■ **WHAT YOU SHOULD DO**
Would you please output the data exactly, omitting no line?

■ **DATA**
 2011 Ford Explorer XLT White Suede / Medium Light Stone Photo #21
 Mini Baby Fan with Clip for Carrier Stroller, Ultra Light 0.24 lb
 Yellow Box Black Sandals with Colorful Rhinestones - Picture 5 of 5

■ **RESULT FOR THIS TASK**
 2011 Ford Explorer XLT White Suede / Medium Light Stone Photo #21
 Mini Baby Fan with Clip for Carrier Stroller, Ultra Light 0.24 lb
 Yellow Box Black Sandals with Colorful Rhinestones - Picture 5 of 5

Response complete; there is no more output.